社会保障審議会医療保険部会並びに医療部会が昨年12月8日に相次いで開催され、当日示された「令和6年度診療報酬改定の基本方針(案)」を了承した。
診療報酬改定に当たって、点数や要件など、その内容に関しては中医協で決定することになるが、改定に関する基本方針については社会保障審議会医療保険部会並びに医療部会で決定することになっており、両部会ではその取りまとめに向けて、精力的に議論が行われてきた。
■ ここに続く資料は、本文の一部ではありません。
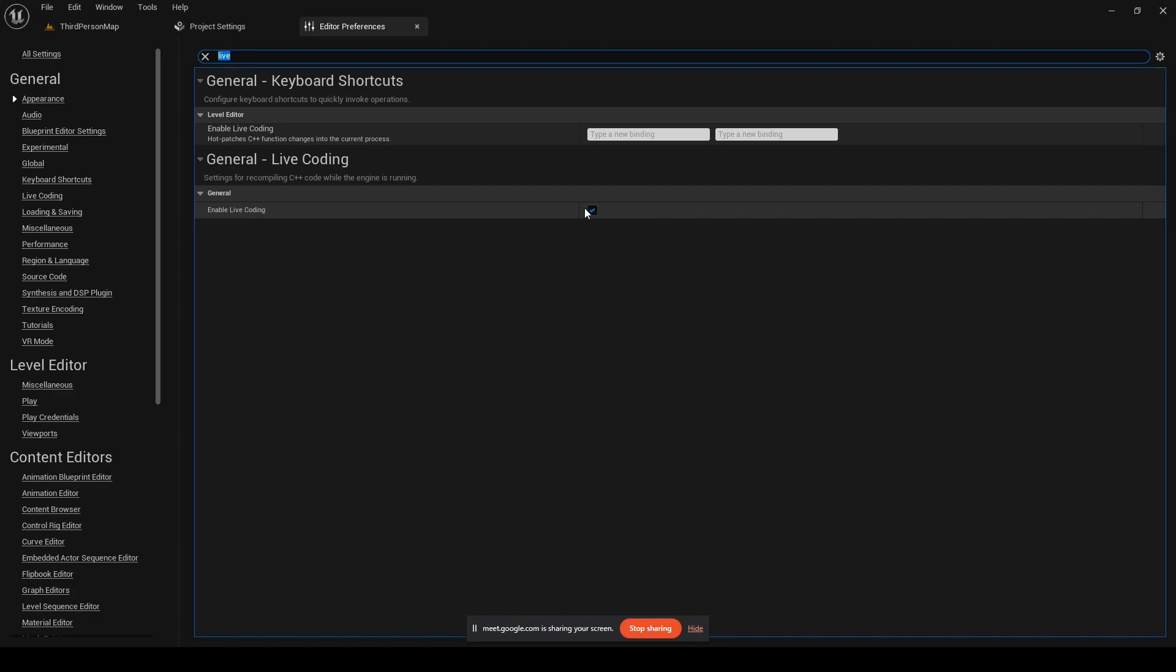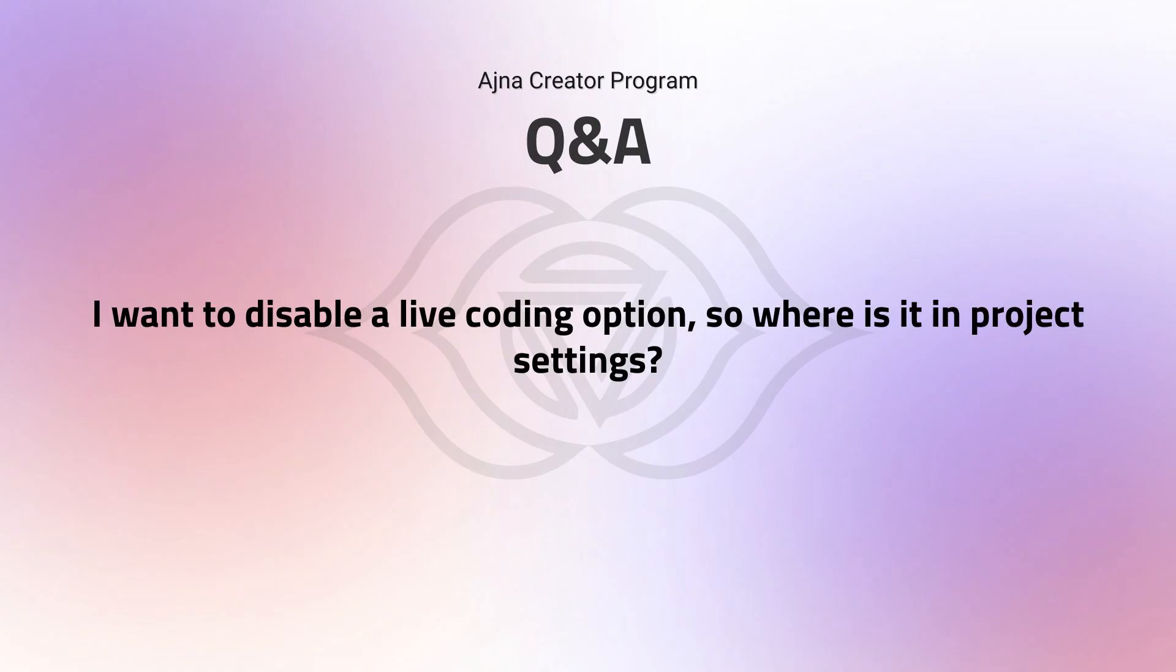You can just simply check it to true or false and then you don't have to use live coding. However, Kirtan, it is just a tip - it is better to use live coding in case you're trying to code up something using Visual Studio. You might be getting an error or something, if I'm not wrong.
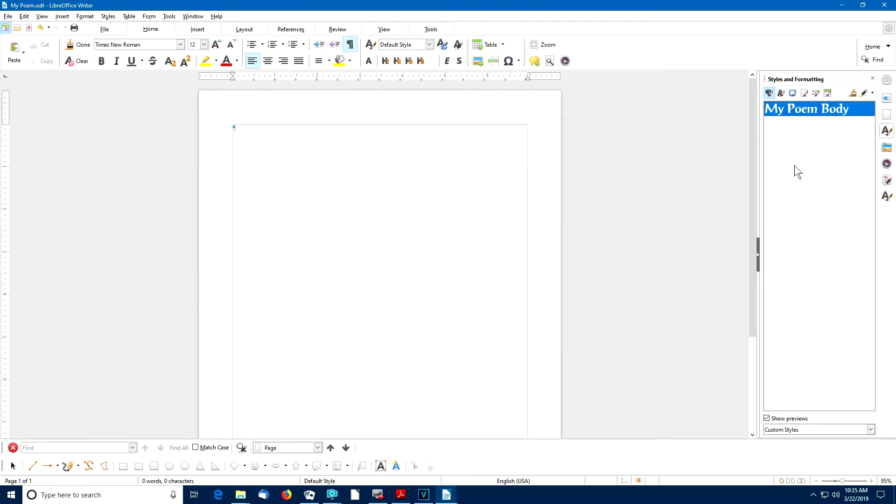As you add different paragraph styles to the Custom Styles list, you'll see the font style reflected in each listing.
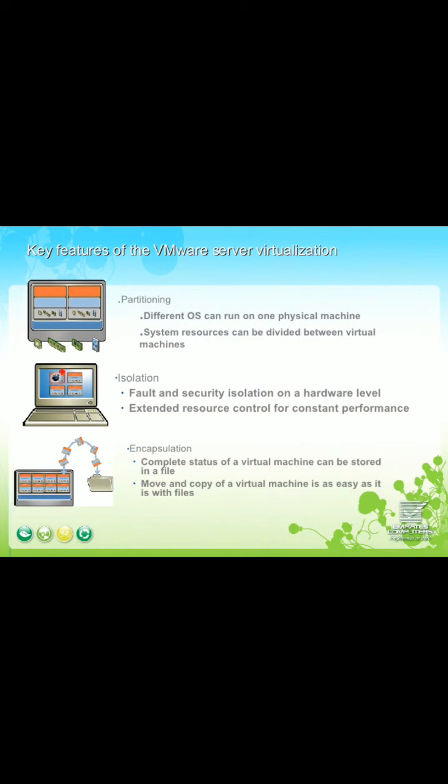Encapsulation is another feature — the complete status of a virtual machine can be stored in a file. Moving and copying a virtual machine is as easy as working with files.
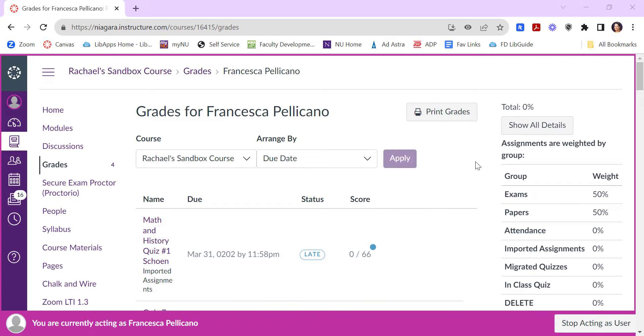When students look at their grades in Canvas, there may be some things turned on that you don't realize are turned on by default. This is my former grad assistant's grades in a dummy course, so none of these data are real.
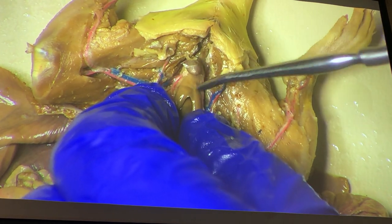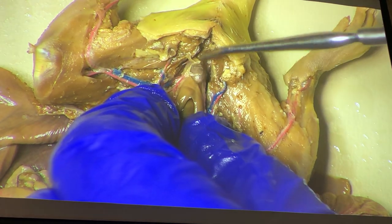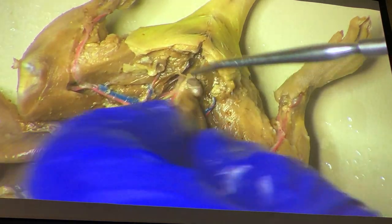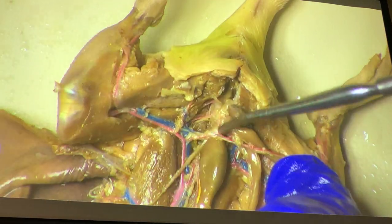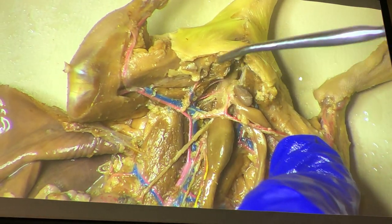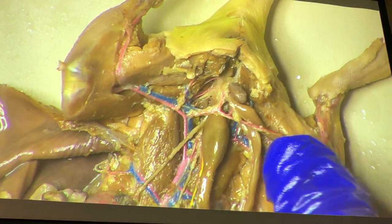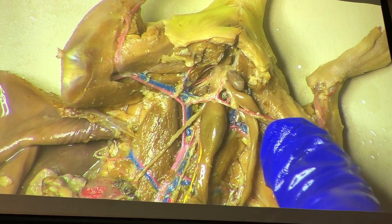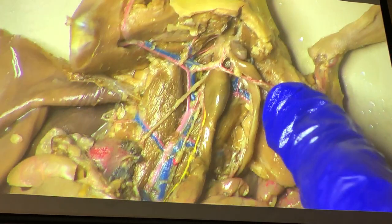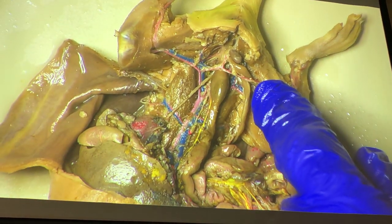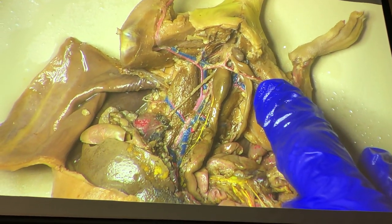Here's the bladder and the urethra, and of course behind all of that — we're in the pelvic cavity — so that's the rectum. You don't have to worry about finding the anal canal; think about it, a human anal canal is two inches. Scale down to the rat — think about how much space you're going to have to work with.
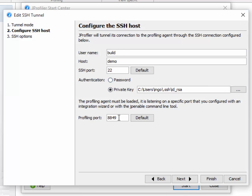The final piece of information that's required is the profiling port on which the profiling agent is listening. That is either something that you've configured in an integration wizard, or something that you got from the jp-enable command line utility that allows you to set up any Java process for remote profiling.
今回了承された基本方針では、「物価高騰・賃金上昇、経営の状況、人材確保の必要性、患者負担・保険料負担の影響を踏まえた対応」「全世代型社会保障の実現や、医療・介護・障害福祉サービスの連携強化、新興感染症等への対応など医療を取り巻く課題への対応」「医療DXやイノベーションの推進等による質の高い医療の実現」「社会保障制度の安定性・持続可能性の確保、経済・財政との調和」を行うことを、改定に当たっての基本認識として示している。
また、改定の基本的視点として、重点課題とされた「現下の雇用情勢も踏まえた人材確保・働き方改革等の推進」に加えて、「ポスト2025を見据えた地域包括ケアシステムの深化・推進や医療DXを含めた医療機能の分化・強化、連携の推進」「安心・安全で質の高い医療の推進」「効率化・適正化を通じた医療保険制度の安定性・持続可能性の向上」を挙げるとともに、それぞれの視点ごとに、より具体的な方向性の例を明記している。
日本医師会からは、医療保険部会に猪口雄二副会長が、医療部会に角田徹副会長と城守国斗常任理事が、それぞれ委員として出席している。
これまでの医療保険部会の議論の中で、猪口副会長は「特に基本認識や重点課題を踏まえて、国民の安心できる医療提供を実現できる議論を、中医協で進めて欲しい」と要望。
一方、医療部会では角田副会長が現在、医療分野における人材流出等が起きていることを指摘するとともに、「今回の改定は、従来のように同じパイの中で調整するのではなく、パイそのものの拡大が必要である」と主張。また、将来を見据えた課題として、「国民に対して医療制度に関する丁寧な説明を行うこと」が取り上げられたことに関して、「説明だけでなく、しっかり理解を得てもらう必要がある」と強調した。
城守常任理事は、具体的方向性の例に記載されている「医療従事者の人材確保や賃上げに向けた取組」について、更なる拡充を求めた他、「タスク・シェアリング/タスク・シフティング、チーム医療の推進」だけでなく、医療人材と賃金の確保が重要であると指摘した。
なお、基本方針の全文については厚生労働省のホームページをご参照願いたい。